Stephen Wilhite, an American computer scientist and the main creator of the GIF format, has died at the age of 74 from COVID-19, as confirmed by his wife Kathaleen to The Verge. Although the news was released just a few hours ago, Wilhite died on March 14, as the funeral home's obituary shows.

In 1987, Wilhite developed the GIF format (Graphic Interchange Format). He did it together with several members of his team, when he worked at CompuServe, an internet service provider company. The main idea of ​​GIFs was to offer a compressed image format, but of high quality. In this way, it could be easily used on social media websites and interactive guides. And it is that the internet speed of the time was too slow to opt for another type of multimedia content.

“He invented the GIF himself. He did it at home and then took it to work to perfect it. He would figure it all out in private in his head and then go into town to program it into the computer,” says Kathaleen, wife of Stephen Wilhite, when quoted medium. Wilhite retired in the 2000s, after having worked as chief architect at America Online (AOL).

Pronounced 'JIF', not 'GIF'

In 2013, Wilhitewon a Webby Award (considered the Oscars of the Internet) for lifetime achievement for the creation of the GIF format. His speech was notable for the way he revealed how the word 'GIF' was actually pronounced. He did it through a video where you could read the phrase «It is pronounced 'JIF', not 'GIF'”. It was a kind of answer to the Oxford English Dictionary, who that same year introduced both pronunciations as correct.

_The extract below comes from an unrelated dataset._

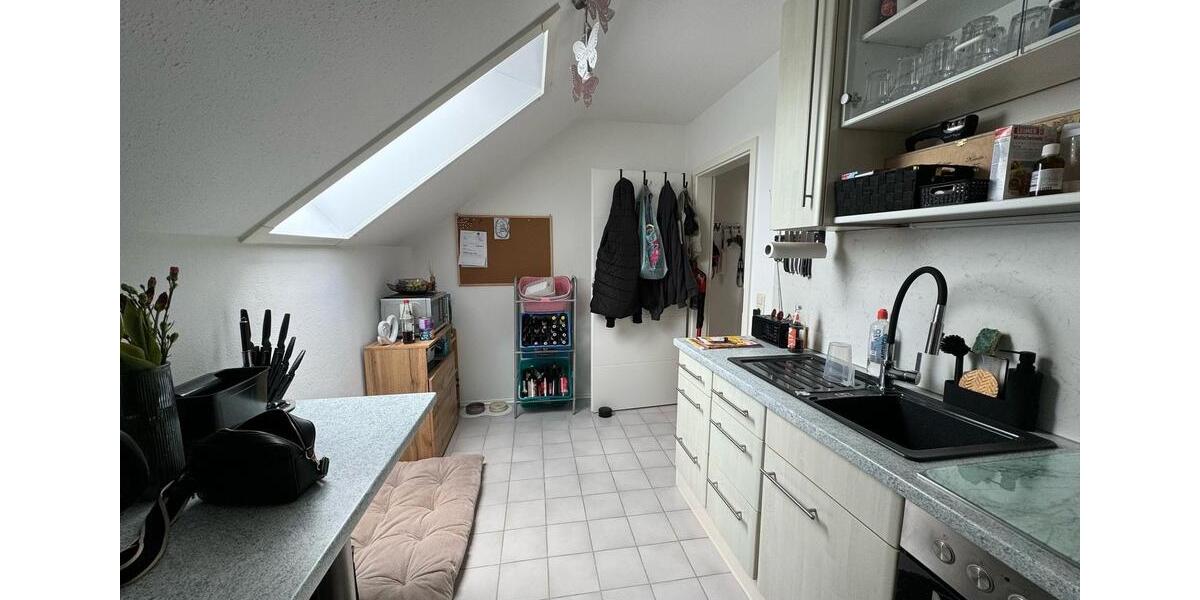 Etagenwohnung Eging am See - 2 Zimmer, 45 m&sup2;, 520&euro; | Angebot:26044236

Nowadays, GIFs are used and created to show reactions to messages or posts on social networks. They have also become a huge library of memes. Mythical scenes from movies, spectacular falls initially recorded on video or any other important event, have been transformed into GIF format to be shared massively from any platform. The GIF format, however, “would have died in 1998” if it weren't for Netscape, a software company that made its namesake browser compatible to support this type of file, as Wilhite himself assured in an interview with the Daily Dot.